# Lost DTV off air Channels



## apropnut (Mar 18, 2007)

Lost all off air DTV channels last night, if I try to add them back using scan DTV function the receiver starts to scan then about 2/3 thru it reboots?? New L331 software is installed.


----------



## Race_Bannon (Mar 10, 2007)

apropnut - Try and scan analog with a VCR connected modulating on either channel 3 or 4. This will allow you to troubleshoot the 8VSB cartridge without calling in for tech support. I am unaware if the 921 calls still go to ATR or what have you.


----------



## doxieland (Mar 25, 2007)

apropnut said:


> Lost all off air DTV channels last night, if I try to add them back using scan DTV function the receiver starts to scan then about 2/3 thru it reboots?? New L331 software is installed.


we are having this problem also. as well as continuous record and guide freeze, when will it be fixed? called tech, replaced unit, with another and now we have MORE problems, rather than less .... old software 229 worked great for us. subscriber since 1996 when we had to pay LOTS of money for what they give away now.

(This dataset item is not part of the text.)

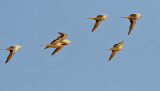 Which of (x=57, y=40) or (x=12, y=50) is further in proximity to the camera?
(x=57, y=40)

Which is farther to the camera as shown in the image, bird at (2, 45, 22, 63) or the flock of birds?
the flock of birds

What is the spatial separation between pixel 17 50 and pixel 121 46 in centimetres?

Never had to look for a forum to find answers before....thanks for sharing, because tech support never mentioned the point dish solution to keep from losing the recording. Wow, glad to have found this site


----------



## shred (Apr 30, 2003)

apropnut said:


> Lost all off air DTV channels last night, if I try to add them back using scan DTV function the receiver starts to scan then about 2/3 thru it reboots?? New L331 software is installed.


Ive had two dish 921's in the last few weeks and the reason I got the 2nd was because of the ota channel scan crash.I wish the csr had just said your unit is fine its just our ****ty software.
I made the switch to the 622 and now I have this 921 i payed 500 dollars for a few years ago just sitting here collecting dust.I cant see paying more to hook it when I can only get a few Hd channels.

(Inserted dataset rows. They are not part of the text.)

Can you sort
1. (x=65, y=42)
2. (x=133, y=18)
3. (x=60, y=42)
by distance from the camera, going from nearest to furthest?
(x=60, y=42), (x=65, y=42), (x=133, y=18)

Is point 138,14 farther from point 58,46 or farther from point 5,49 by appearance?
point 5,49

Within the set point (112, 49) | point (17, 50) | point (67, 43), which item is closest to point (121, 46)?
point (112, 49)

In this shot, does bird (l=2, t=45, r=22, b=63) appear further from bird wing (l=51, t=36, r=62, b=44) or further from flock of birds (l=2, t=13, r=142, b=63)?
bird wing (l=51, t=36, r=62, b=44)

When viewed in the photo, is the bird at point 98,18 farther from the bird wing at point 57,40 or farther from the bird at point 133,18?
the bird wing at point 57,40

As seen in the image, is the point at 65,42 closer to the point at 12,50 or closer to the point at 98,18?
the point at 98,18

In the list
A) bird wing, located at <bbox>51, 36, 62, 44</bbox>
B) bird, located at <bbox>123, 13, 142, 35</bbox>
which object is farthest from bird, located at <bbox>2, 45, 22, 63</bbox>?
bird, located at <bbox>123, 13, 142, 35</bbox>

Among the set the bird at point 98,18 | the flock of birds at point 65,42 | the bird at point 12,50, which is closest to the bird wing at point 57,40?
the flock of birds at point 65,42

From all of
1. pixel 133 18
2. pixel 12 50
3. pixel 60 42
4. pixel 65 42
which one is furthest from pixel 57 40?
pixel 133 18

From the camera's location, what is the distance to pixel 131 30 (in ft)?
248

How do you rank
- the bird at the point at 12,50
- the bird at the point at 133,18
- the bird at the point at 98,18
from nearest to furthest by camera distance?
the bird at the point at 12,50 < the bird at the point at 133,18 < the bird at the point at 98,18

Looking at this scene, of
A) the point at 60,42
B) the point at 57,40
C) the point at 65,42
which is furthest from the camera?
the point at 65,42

It does work as an ota receiver ok but no guide info.


----------



## Michael P (Oct 27, 2004)

L331 is no longer the current s/w version. I have L332. It fixed many problems including the one reported here, which I also experienced when I had L331.

Unfortunately another problem reared it's uguly head again last night. It may be related to the lost OTA situation since this problem happened first before I lost my OTA's in L331.

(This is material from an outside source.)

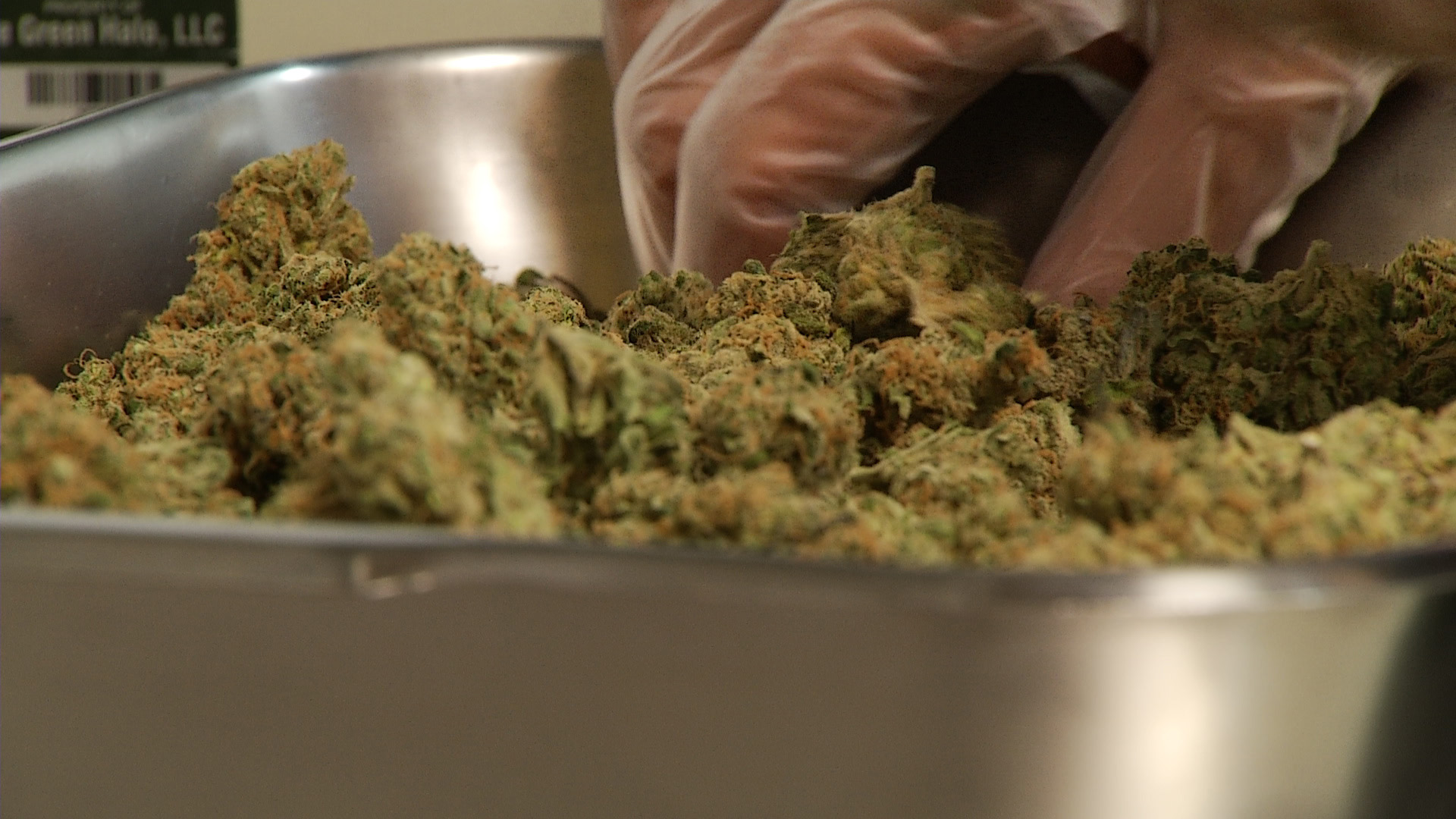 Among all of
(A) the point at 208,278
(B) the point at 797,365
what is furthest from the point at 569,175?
(B) the point at 797,365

The problem is the 921 freezes up on an OTA signal than goes into a reboot, which seems to clear up the problem, temporally. With L331 I had the freeze-up on several different occasions before Ilost the OTA's. Prior tothe freez-up the EPG would react slower than normal. Also OTA stations viewed in the window in the EPG would be distorted (satellite channels did not distort - only the OTA's in the window, escaping from the guide returns a normal-looking picture). This distortion looked like a tripple image with many vertical lines.


----------



## yetson (Apr 13, 2007)

I recently purchased a new Antennae, a Terk HDTVa. After installation I saw 125 signal strength through my 921 for the first time ever. I thought this was great. However, the next day it I could not get enough signal strength to get a picture. However, come late night again - the signal strength went back to near perfect. Anybody have any ideas about different signal strengths at different times of the day. I am about 20 miles from my off air broadcast tower. I previously had a Terk 55, but signal strenght never got above 105 and was often just borderline. I do not know if this is a receiver problem or an Antennae problem or a tower broadcasting problem.


----------



## penguin44 (Oct 29, 2005)

It's neither. I have had this kind of issue with my ant.. I set it up one night and got all the stations, next day like 4 hours later, signal was nada. Then later in the night boom, a good solid 95 or so. At night, the air is still, and if it is a clear night, signals travel farther. It's like AM radio.


----------



## ClaudeR (Dec 7, 2003)

The OTA tuner in the 921 is a early generation tuner. If you have a great signal, it works, not very good with multipath or normal signals.


----------